Given the entries below, would you transcribe exactly the lines starting at the one with "Airplane Kiddie Ride (2 players)" and ending at the one with "Serena - Incandescent", both kept, pictures omitted, nothing extra?

**Provided material**:

—————

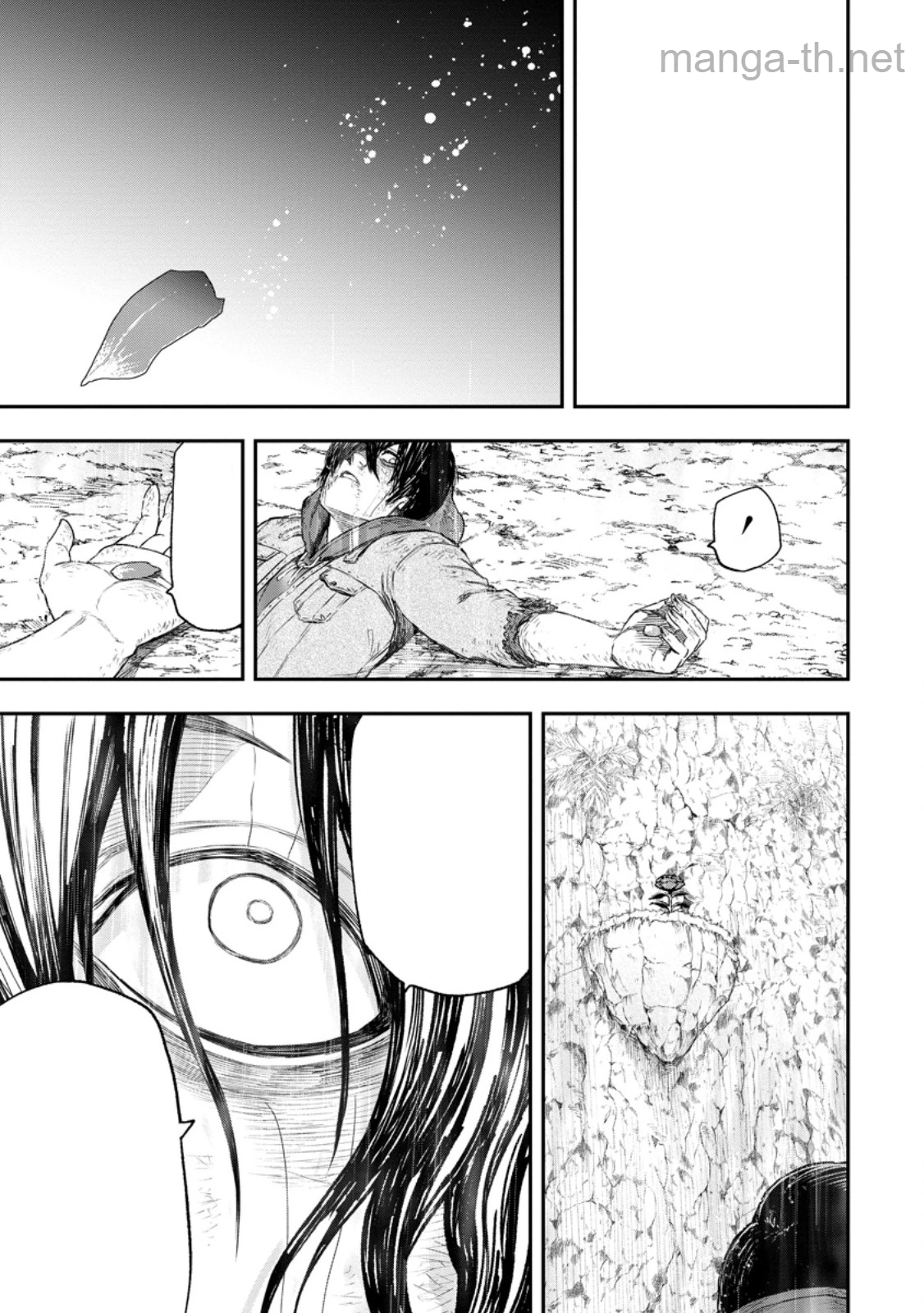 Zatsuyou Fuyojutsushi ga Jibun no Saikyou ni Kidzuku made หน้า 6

—————

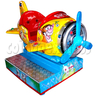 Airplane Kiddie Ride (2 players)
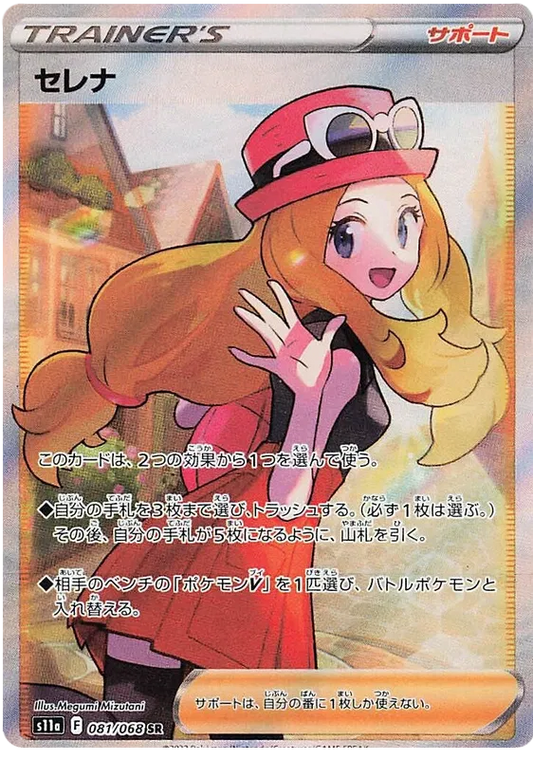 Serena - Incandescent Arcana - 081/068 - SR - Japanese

—————

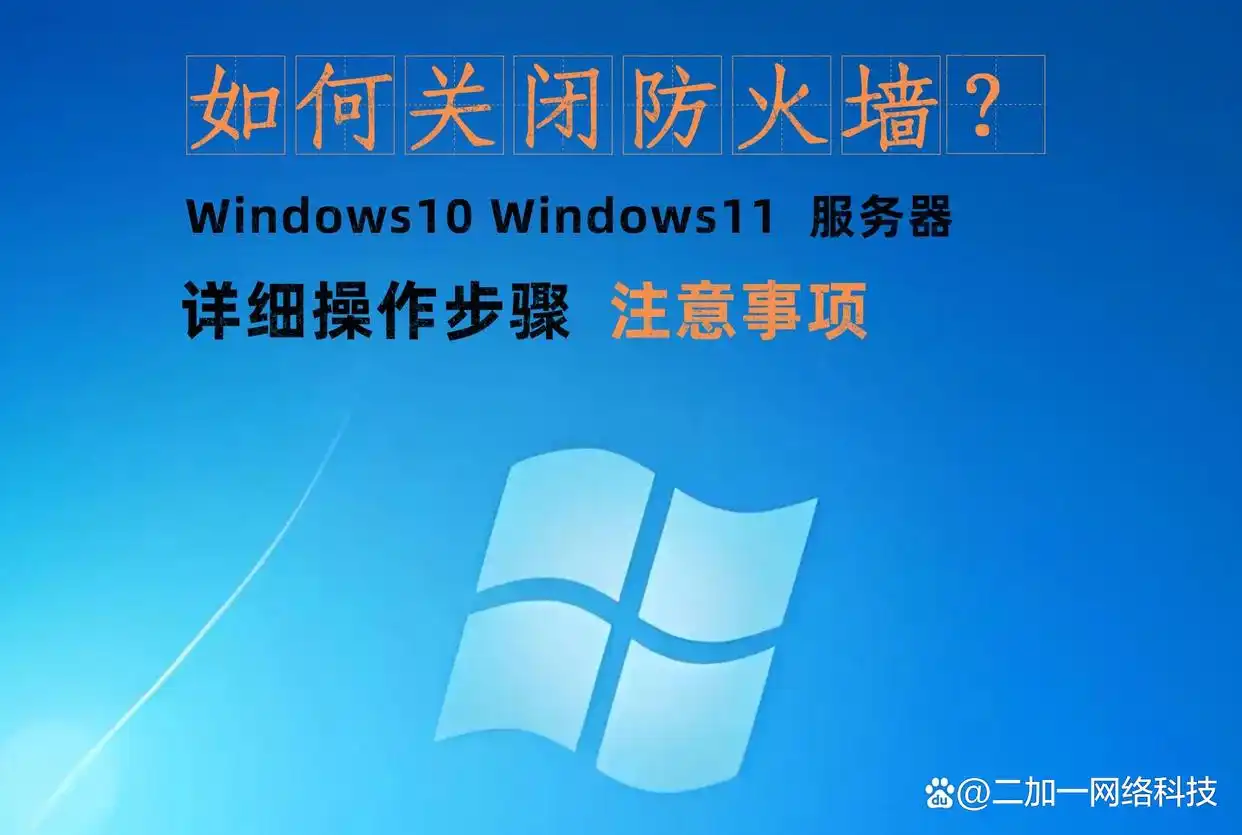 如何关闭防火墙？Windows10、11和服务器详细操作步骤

—————

**Completed task**:
 Airplane Kiddie Ride (2 players)
 Serena - Incandescent Arcana - 081/068 - SR - Japanese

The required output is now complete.